初年次セミナーの立ち上げに際して必要だった準備の1つが学部内の先生との合意形成だったかと思います。そのために、弊社では2回のFDをお手伝いさせていただきました。1回目は2022年秋だったと思いますが、そこには朝倉先生も後藤先生も参加されましたか?


朝倉先生 はい、いました。



――表向きのテーマは「ファシリテーション」でしたが、私は、学部の先生方に「これから理学部で初年次セミナーを始めるけれど、誰がファシリテーター役になるのかわからないので、みんなで学ぼう」というねらいをもって行われたものだと理解しています。このFDを先生方はどう受け止めていましたか?



朝倉先生 まったく、おっしゃるとおりです。初年次セミナーに限らず、授業の中に少しでもファシリテーションの要素を取り入れてアクティブ・ラーニングを進めていこうという空気はあったので、そういう研修の一環だったと認識しています。後藤先生はどうですか?


後藤先生 そのとおりだと思います。一方的にしゃべって黙って聞かせる授業しかしていない先生に、そういう形態以外の授業もできるようになってもらいたいので。学生中心の授業を組み立てるために、一度はファシリテーションのやり方を経験してもらうというねらいだったと思います。



――弊社はいろんな大学で研修を行っていますが、自由参加なのにあんなにたくさんの先生が熱心に参加される大学はないので、すごいなと思いました。50人くらいはいらっしゃいましたよね?東邦大学では、みなさんあれくらいFDには参加されるのですか?


朝倉先生 はい、あれくらいは。でも、参加者数は6割以下ですから、我々はもっと参加してほしいくらいです。

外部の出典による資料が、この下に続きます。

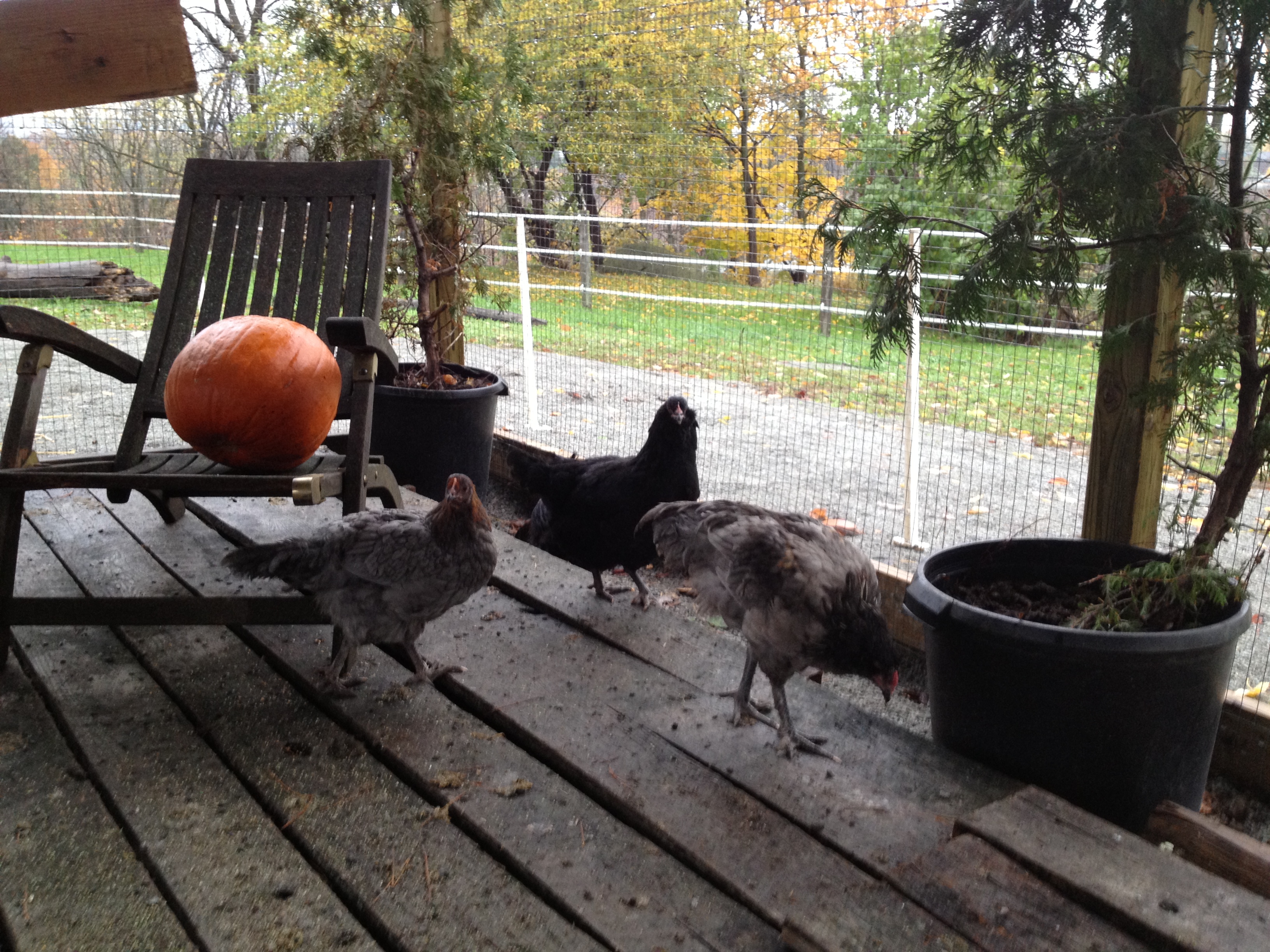Chickens in their new run.  Was going to throw out this chair but instead put it in the run for the chickens to perch on for the coming winter.   
The boards are covering one of the composting grazing beds that I'm saving for later in winter.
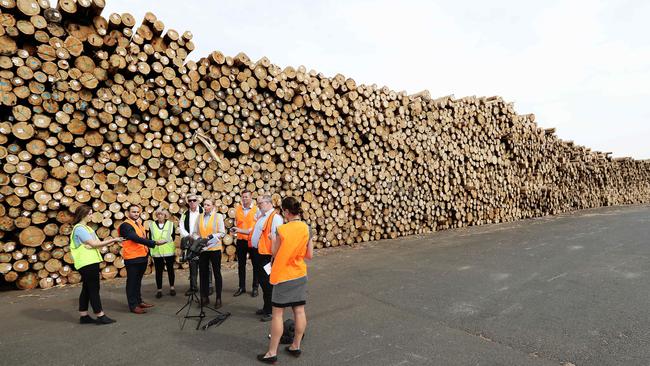 Minister for Resources Sarah Courtney speaking to reporters at Macquarie Wharf. Picture: LUKE BOWDEN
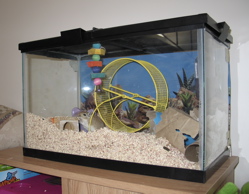 a 10-gallon tank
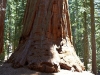 Sequoia-and-Kings-Canyon-NP-114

――2回目のFDは2023年の春休み期間中で、初年次セミナーの詳細が決まった後で本番でのファシリテーションを想定した1日半の研修を行いました。お二人は千葉先生とともに初年次セミナーのプログラム作成にも携わっておられましたが、研修の様子を見てどんなことを感じましたか?


朝倉先生 マニュアルに書かれていることを実際に現場でやるとこんなことがあるよねとか、ここで間を取ったほうがいいよねといったことを感じる機会になったのではないかと思います。私が話を聞いた先生の中には「この研修で初年次セミナーをやる意義があると手応えを感じた」とおっしゃる方もいましたし。逆に不安になった方からは「ここはもうちょっと台本をしっかりつくり込んでおかないといけない」というご意見もいただきました。担当の先生がマニュアルを「自分ごと」として落とし込むいい機会になったのではないでしょうか。



――そうですよね。あの場で初年次セミナーが「自分ごと」になった気がしますよね。後藤先生はどうですか?


後藤先生 先生によって、その日の学生の様子によって話す内容を微妙に変えたり、アドリブをきかせたりするなど、ライブ感を持って授業できる先生と、そういう対応が苦手な先生がいますよね。初年次セミナーという科目は、ライブ感を楽しめる先生は綿密な事前準備をあまり必要としないでしょうが、100%の準備をして完璧にしたのに予想と違う学生のレスポンスが起きると戸惑う先生もいらっしゃいますから。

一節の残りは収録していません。